Crawled caption data

◇ ◇ ◇ ◇

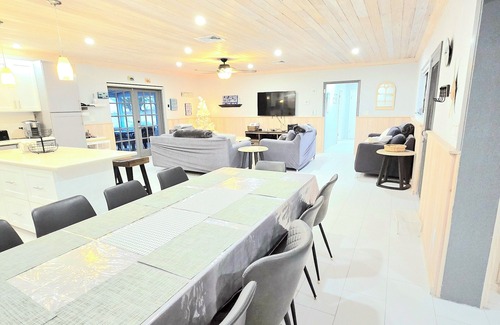 Tarpum Bay House | Private family beach bungalow - on a beautiful swimming beach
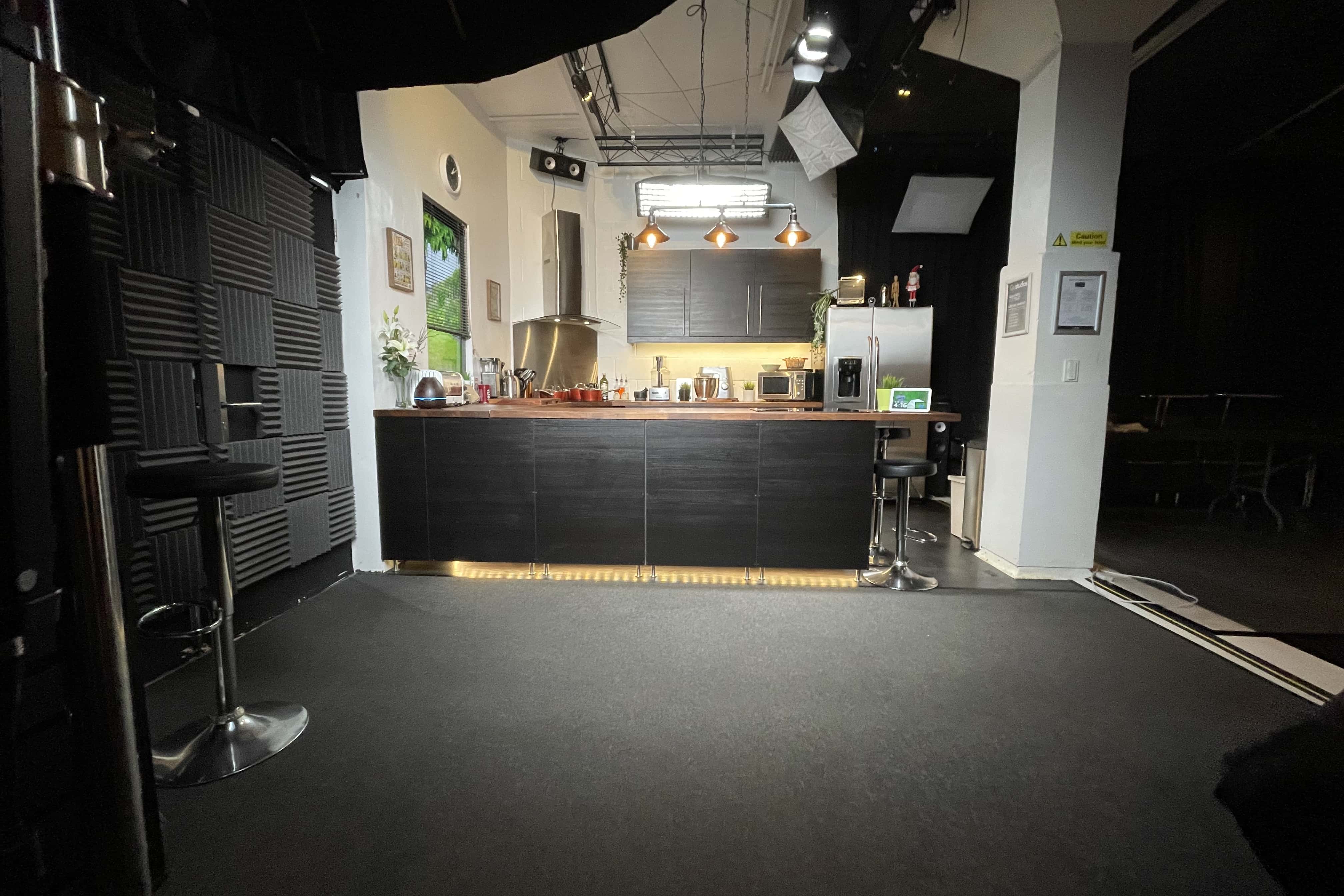 Studio One | Kitchen Set 4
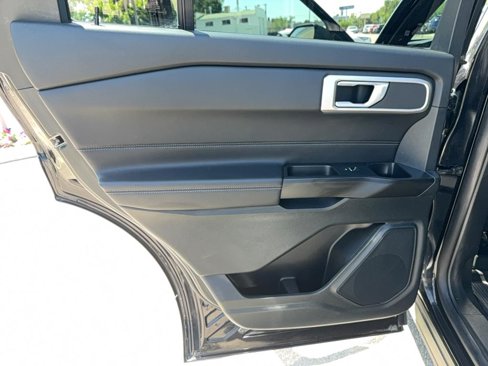 Used 2020 Ford Explorer XLT w/ Equipment Group 202A image 24
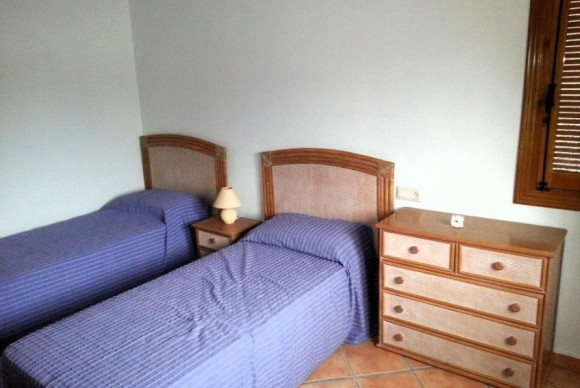 Resale - Villa - Orihuela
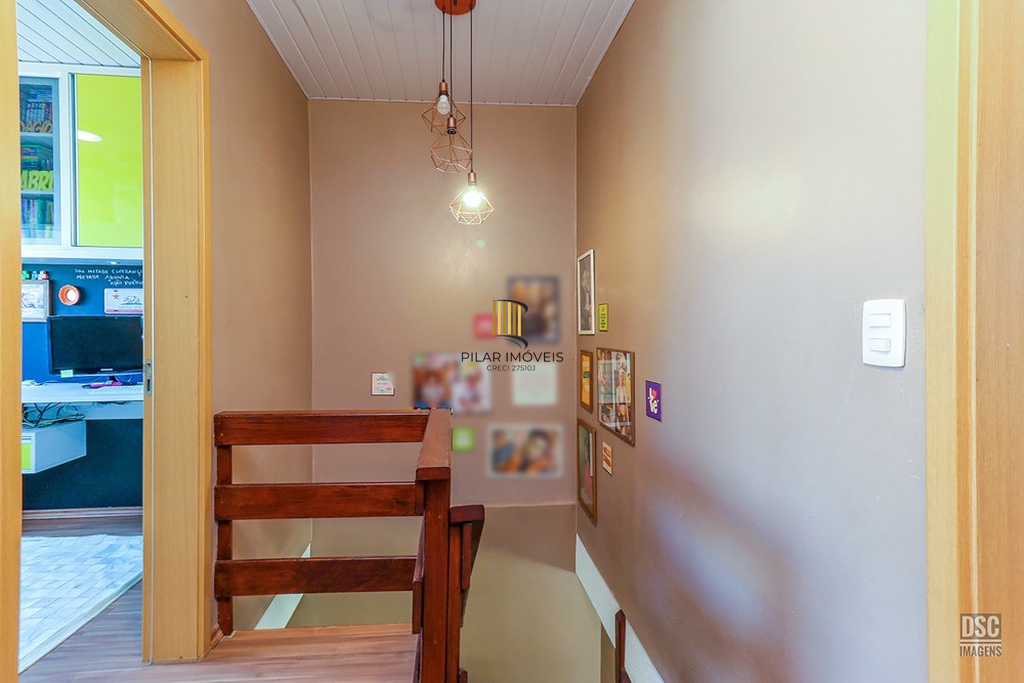 Casa de Condomínio 3 dormitórios no bairro Hípica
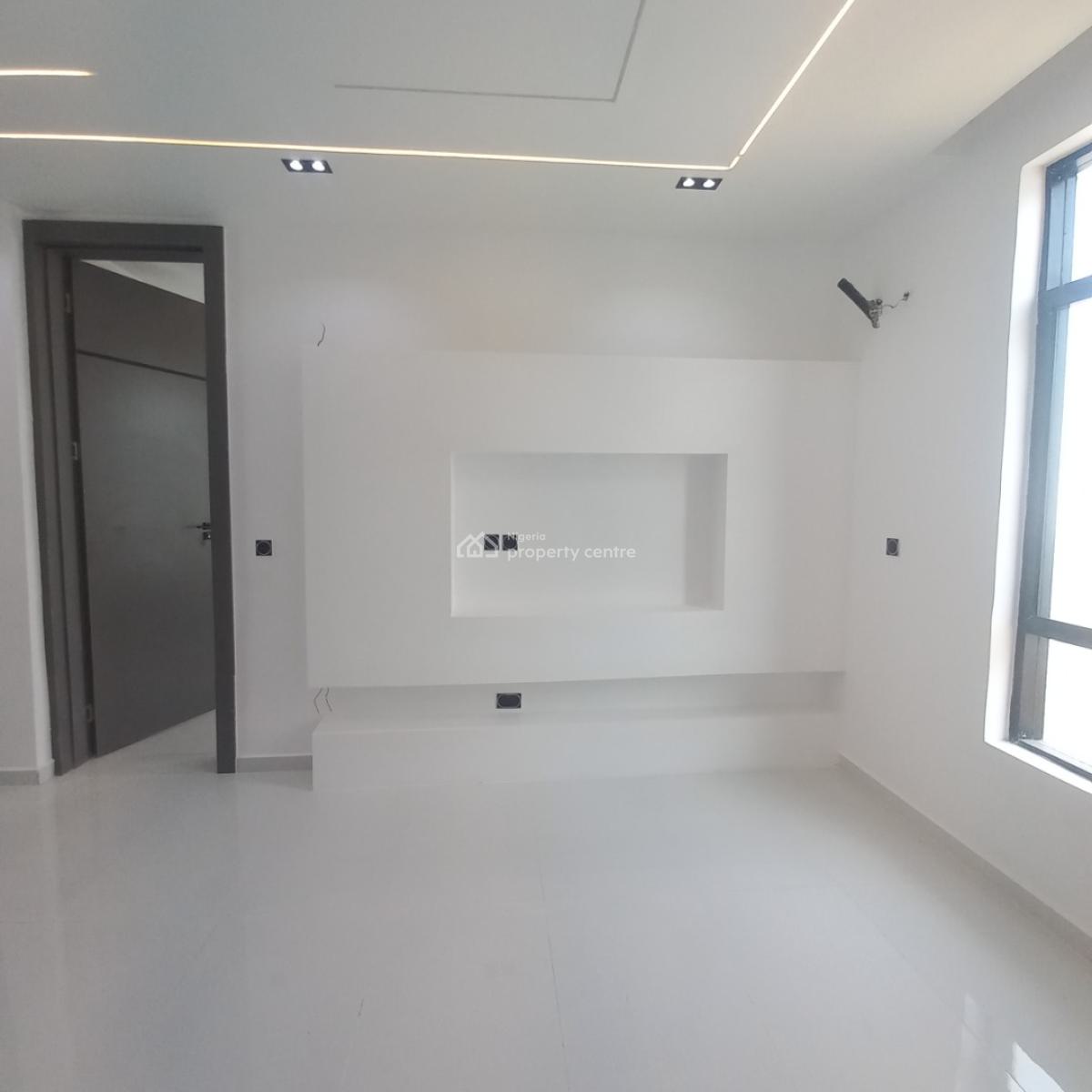 Spacious 4 Bedroom Semi Detached Duplex, Chevron, Lekki, Lagos, Semi-detached Duplex for Sale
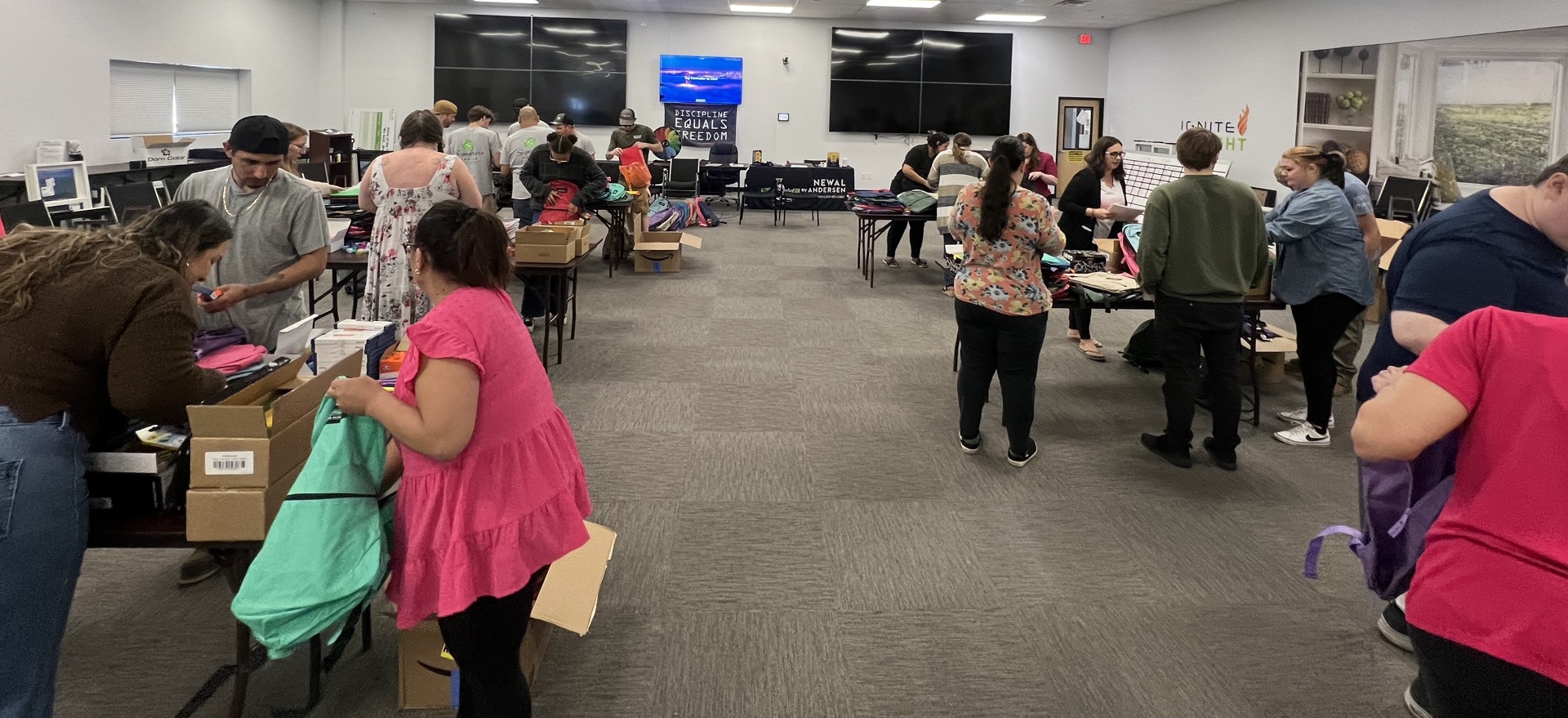 Esler Companies – Arizona Team Packs Over 200 Backpacks for BBBS Mentorship Program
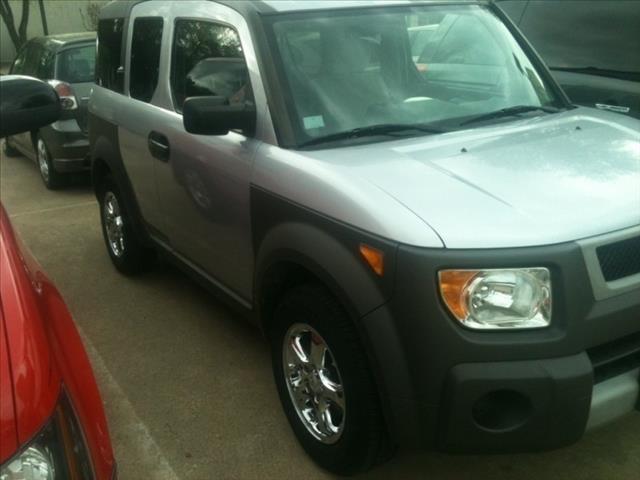 2004 Honda Element 2004 Toyota S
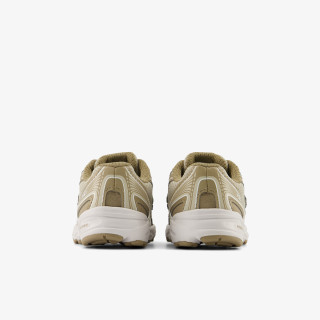 New Balance K 740 
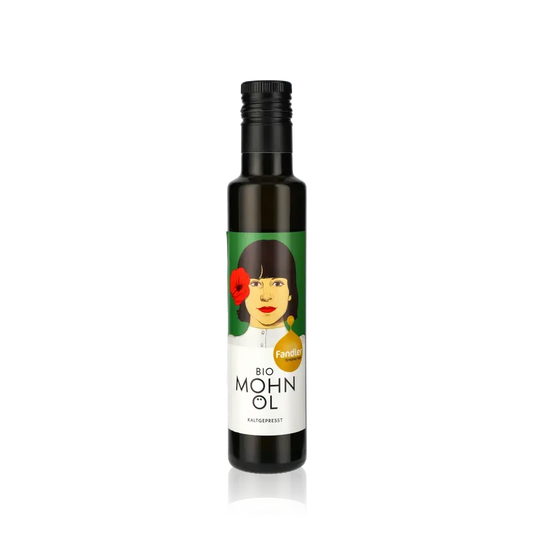 Fandler Bio Mohnöl Flasche auf schwarzem Hintergrund.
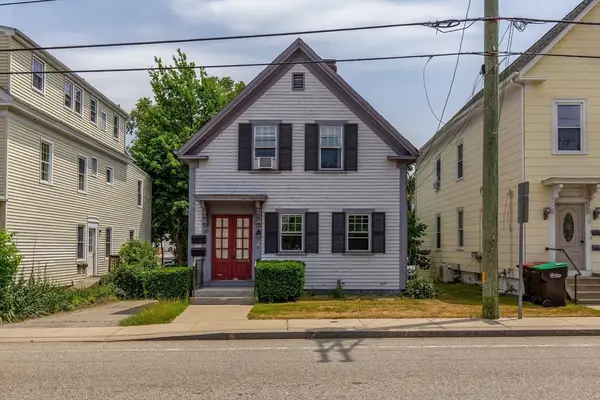 10 Samoset St, Plymouth, MA 02360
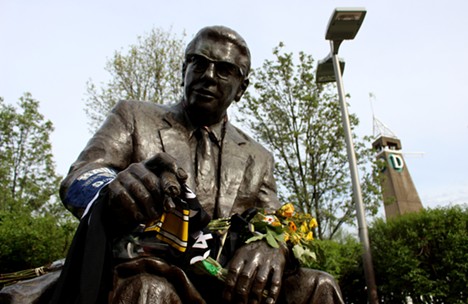 Fans remember Pittsburgh Steelers owner Dan Rooney for his team and his contributions to the city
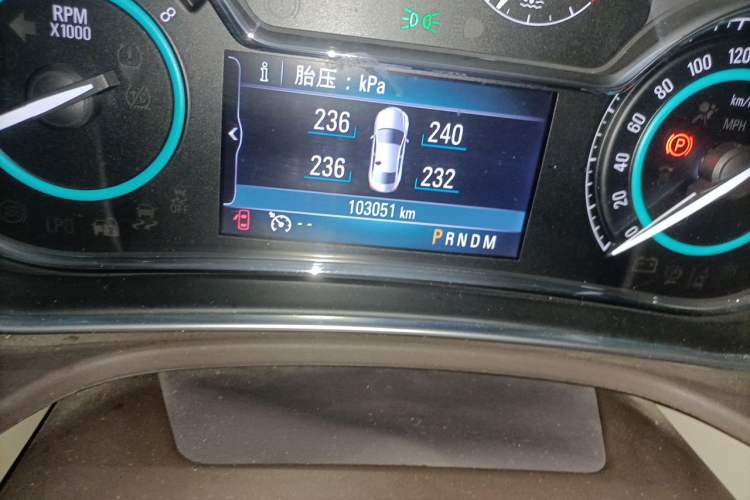Used Buick Regal 2014 2.0L Elite Fashion Edition Odometer Close Up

◇ ◇ ◇ ◇

Task details | Pictures stay out. Repeat only the lines from the beginning of the data through the line that has "Esler Companies –".

Answer |
 Tarpum Bay House | Private family beach bungalow - on a beautiful swimming beach
 Studio One | Kitchen Set 4
 Used 2020 Ford Explorer XLT w/ Equipment Group 202A image 24
 Resale - Villa - Orihuela
 Casa de Condomínio 3 dormitórios no bairro Hípica
 Spacious 4 Bedroom Semi Detached Duplex, Chevron, Lekki, Lagos, Semi-detached Duplex for Sale
 Esler Companies – Arizona Team Packs Over 200 Backpacks for BBBS Mentorship Program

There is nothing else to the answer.